Tak dapat disangkal lagi pendidikan adalah suatu hal yang sangat fundamental bagi kemajuan peradaban bangsa. Kualitasnya berbanding lurus dengan kesejahteraan sosial masyarakat. Keniscayaan sejarah global menunjukkan bahwa negara-negara maju mendirikan dan mengembangkan pilar-pilar peradaban pada kokohnya fondasi pendidikan. Sebut saja Cina dengan pesatnya laju pertumbuhan ekonominya. Berawal ketika Deng Xiao Ping menggelorakan kualitas pendidikan sebagai basis. Demikian pula India dengan jasa teknologi informasinya yang banyak dipakai oleh negara-negara maju. Kesemuanya itu dimulai sejak negara tersebut memacu pendidikan. Oleh karena itu pendidikan haruslah menjadi prioritas untuk dikedepankan peningkatan kualitasnya sebagai refleksi kritis penemuan solusi atas disparitas sosial dalam kemasan multidimensi permasalahan bangsa.

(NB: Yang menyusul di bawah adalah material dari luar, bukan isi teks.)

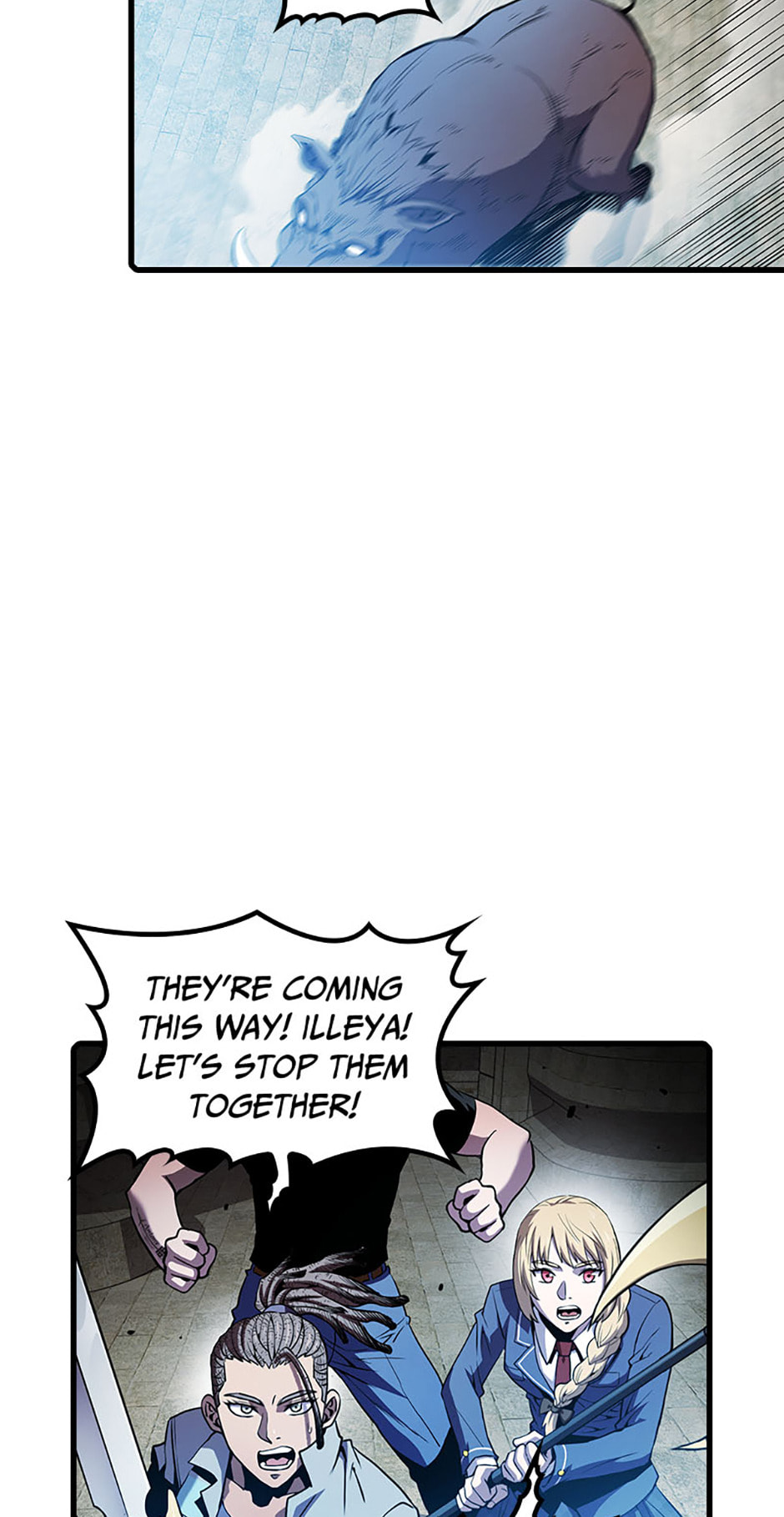 Read The Celestial Returned from Hell chapter 5.4 image 43 on Lezhin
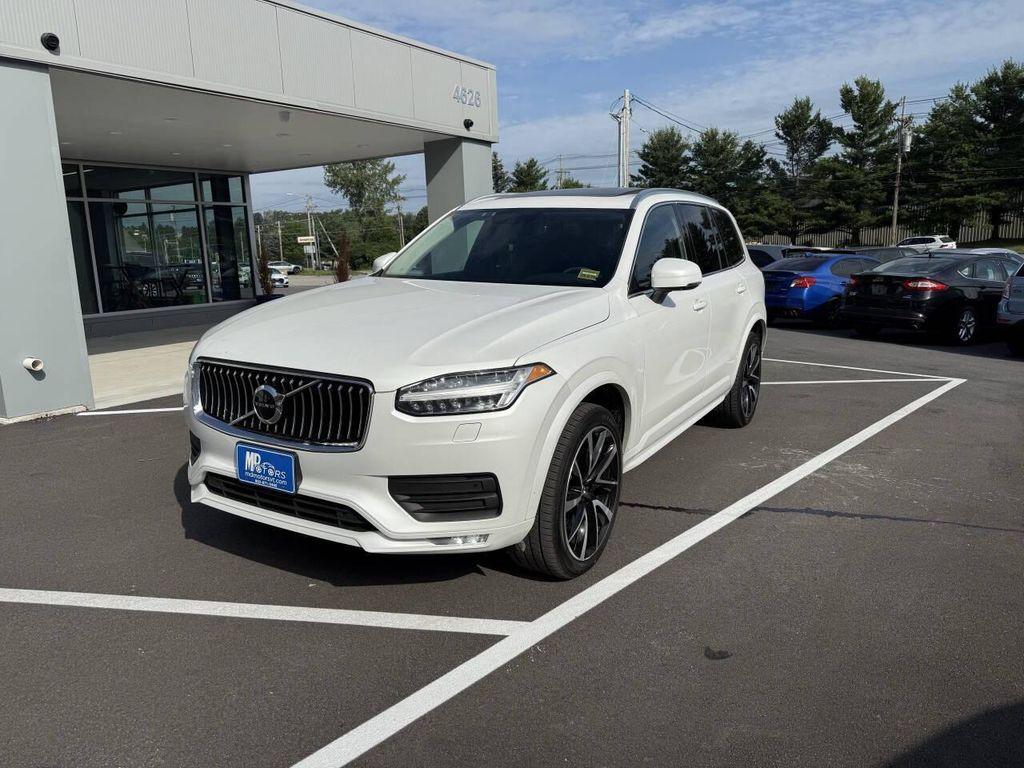 used 2021 Volvo XC90 car, priced at $28,999
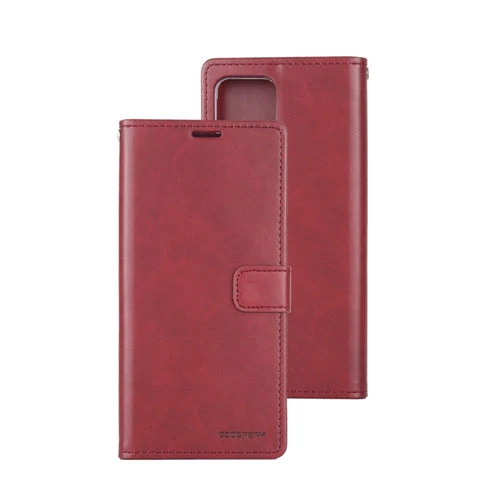 Goospery Bluemoon Diary for iPhone 15 - Wine Phonnic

Mengapa Pendidikan Alternatif ?

Pendidikan selalu menjadi katrol dalam menakar pencerahan. Layaknya katrol pada sumur, semakin talinya ditarik tentu ember yang berisi air pun bergerak naik ke atas. Si penarik dapat diasumsikan warga belajar, katrol berkaitan dengan kebijakan atau sistem pendidikan yang diterapkan sementara ember berisi air mengenai berkualitas tidaknya pendidikan yang dijalankan. Tiap-tiap komponen mempunyai fungsi, tapi dalam hal ini tugas yang paling mendasar ada pada katrol. Kita bisa bayangkan bila katrol (bc. kebijakan pendidikan)nya berkarat atau rusak tentu berdampak pada buntunya proses pencerahan holistik.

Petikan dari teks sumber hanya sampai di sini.